WebmasterWorld is a large and popular forum where webmasters can discuss site issues. Important sections on the site are the SEO and search engine threads.
The forum has recently banned search engines from indexing it and, as a result, it has been dumped from Google and the others.
Why would a forum which needs it web traffic do this? We're told that they had to. I don't like that one bit - it sends an anti-search and anti-SEO message.
WebmasterWorld is highly respected. I would say many web savvy clients check out WebmasterWorld (and, of course, many small SEO firms camp out there). I personally believe the quality of the forum has nose dived; it's now full of newbies who sound like a broken record and ask the same questions again and again, it's peppered with veterans who no longer care to respond to the broken record.

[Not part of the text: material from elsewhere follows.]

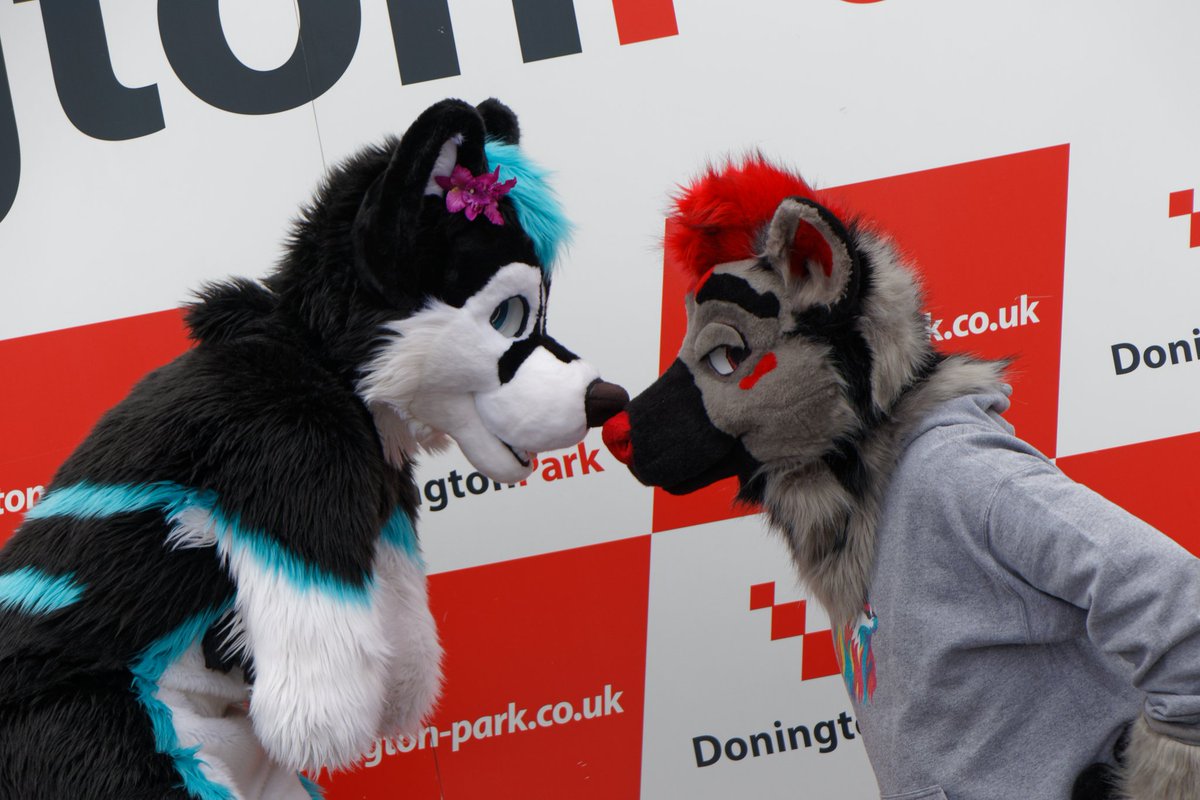 You win this time dog...
#FursuitFriday
Cute dog <a href="/NebraskaHusky/">Nebraska Husky</a>
📷 <a href="/RikMcCloud/">Blue Dot</a>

This isn't the search engine problem though. We're told that WebmasterWorld is plagued by "bad bots". These are automated user agents (like search engine spiders) which crawl the site and take the content. There is so much of this activity that the forum's web servers struggle to keep up.

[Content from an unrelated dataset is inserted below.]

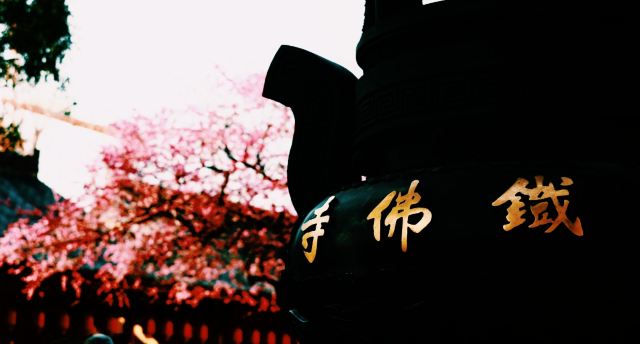 湖州铁佛寺旅行图片 12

The webmaster's response to these bad bots at WebmasterWorld is to block all bots via the robots.txt "robots exclusion protocol".
This is foolish. Bad bots do not obey this protocol. This change will only effect good bots.

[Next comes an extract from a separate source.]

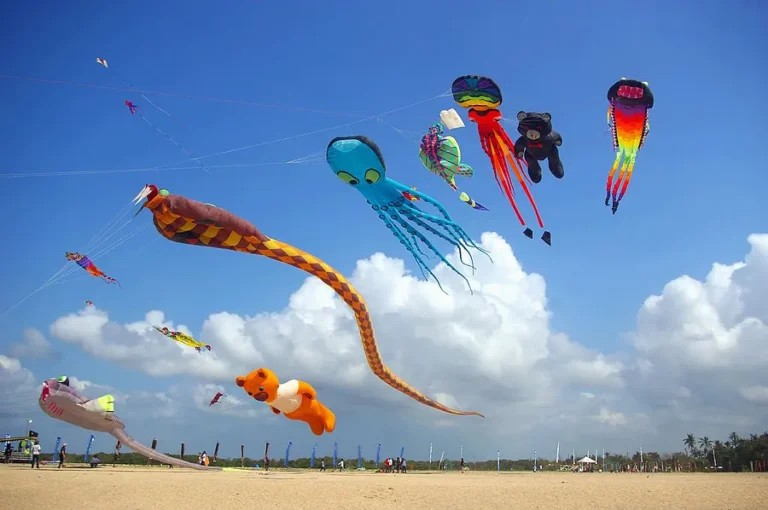 Bali Kite Festival 768x510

At WebmasterWorld they've made other attempts to block the bad bots - they've changed the site so that you must now log in before you can view any real data. This is the draconian tactic to take if everything else fails. The robots.txt is just stupid.
Normally, I wouldn't care less. WebmasterWorld can stab themselves in the foot if they wish.... except the site has the SEO profile that puts it in the limelight somewhat. I believe the site's actions give out the wrong message.
It is possible to deal with bad bots without blocking your site from search engines. It is. Further more, blocking your site from search engines does not stop bad bots (though it makes the site harder to find!)
We're told that WebmasterWorld has tried a whole host of complicated and thorough defenses and that they all failed. I don't get it. If the forum had those resources to hand then they certainly have the resources to re-design the site to be less of a bad bot target. For example, at times of heavy load the site could ask for user input, a captcha or a question. I came up with that crazy theory in about 2 seconds of thought.
Newspapers are hugely scraped by bad bots and they deal with the issues WebmasterWorld has caved in on.
WebmasterWorld have cited impressive figures to support their scraping problem - but I've never found a single scraped entry from WebmasterWorld. Do thousands of people really download the site for their own personal desktop edition? An edition which would require a desktop search (rather than Google) to search and which would need to be kept up to date? Meh.
We're told this is a test. I predict we'll see that WebmasterWorld no longer has the pull to attract the SEO experts (especially after this) so I don't think it'll become an exclusive oasis. I suspect we'll see it back in the search engines when they retract their robots.txt change. I imagine there will be complaints that the robots.txt rules should be changed (all a red herring since bad bots ignore it).